June 19, 2011 at 11:38 pm
Shawn Ryan
Hey calc,
Had to reread the article, it’s been quite a while since I wrote it. A couple points regarding your comment:
-yes, the Wins Produced model was arrived at using linear regression. It has become nearly a truism that the model over-estimates wins for very good teams, and underestimates wins for very bad teams. But for the vast majority of teams it will predict wins within +/- 2 for any given season.
-A little bit of the reasoning for this article has been lost due to the extent to which it’s been removed from context. Basically, I was responding to a very specific confusion that was common among commentors at The Wages of Wins blog at the time this was written. Your point is correct. A 0.95 player is roughly equivalent to a 0.100 player, and you’ll even see some players that vary by +/-0.100 or more between two seasons. One point that Dr. Berri often makes is that Wins Produced isn’t meant to quantify a players, as you put it, skill, but rather to summarize a player’s production. So a player that attains a wp48 of 0.95 for a given season could very well be more skilled than one that attains a 0.100 for the same season, but the 0.100 player was slightly more productive. There could be many reasons for the disparity in skill and production, and the disparity very well may correct itself in the following season.
Personally I still don’t like saying something akin to “Player X earned a WP48 of 0.100 +/-0.010. I think that this gives a false since of certainty because it implies that we know the affect, on a player level, of the forces that remain unmeasured by the model, and this is simply not the case as far as I’m concerned. The Wins Produced model explains roughly 95% of the variation in wins on a team level. Giving credit to particular players for those wins introduces more uncertainty (most notably the affect of individual defense).
-One more note on production vs. skill. Say that the gambling fairy gives gambler x and gambler y each $100 to gamble with. The two gamblers promptly jaunt over to the roulette table. Gambler x let’s his $100 ride on black, while gambler y puts his on red. After the spin, it turns out that black wins, and gambler x doubles his money, while gambler y loses his. Gambler x’s production for the night (he stopped while he was ahead of course :-D ) was $100, while gambler y’s production was -$100. Neither gambler was more skilled than the other, but it would not be correct to say that both gambler’s production was +/- $100, because it is a provable proposition. It has happened, and at the end of the night, gambler x has winnings to cash, and gambler y had better come up with some quick cash, because the gambling fairy has guys that take care of guys who renig on their debts (one should never gamble with other people’s money).

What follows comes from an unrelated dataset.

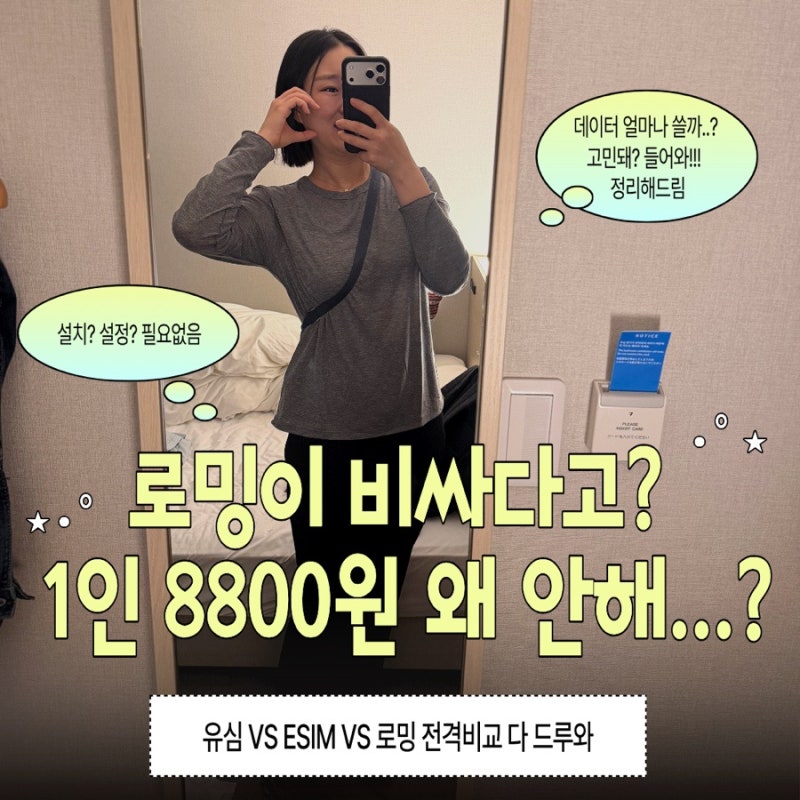 일본 여행 준비물 eSIM vs 유심 vs 로밍 비교 데이터 사용량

Anyway, production as revealed through wins produced should be though of in the same way. Each of the figures in that wins produced or wp48 number can be tracked back to actual production (a shot made, a steal, a rebound, etc..) and therefore each increase is good and each decrease is bad.
If you want to get scientifically precise about it though, one standard is to use rules of significant digits. Since players accumulate stats over the season, the more a player plays, the more precision you would expect to be significant, and it would likely be capped at 2 or 3 significant figures. I think however that this approach is rare in models such as this, and significance is laid more wholly at the feat of sample size with out regard to whether or not there is a term that would limit significant figures of the entire calculation. Plus, there are a lot of terms that go into the calculation of these models, so that wouldn’t really make much sense, speaking in practical terms, anyway.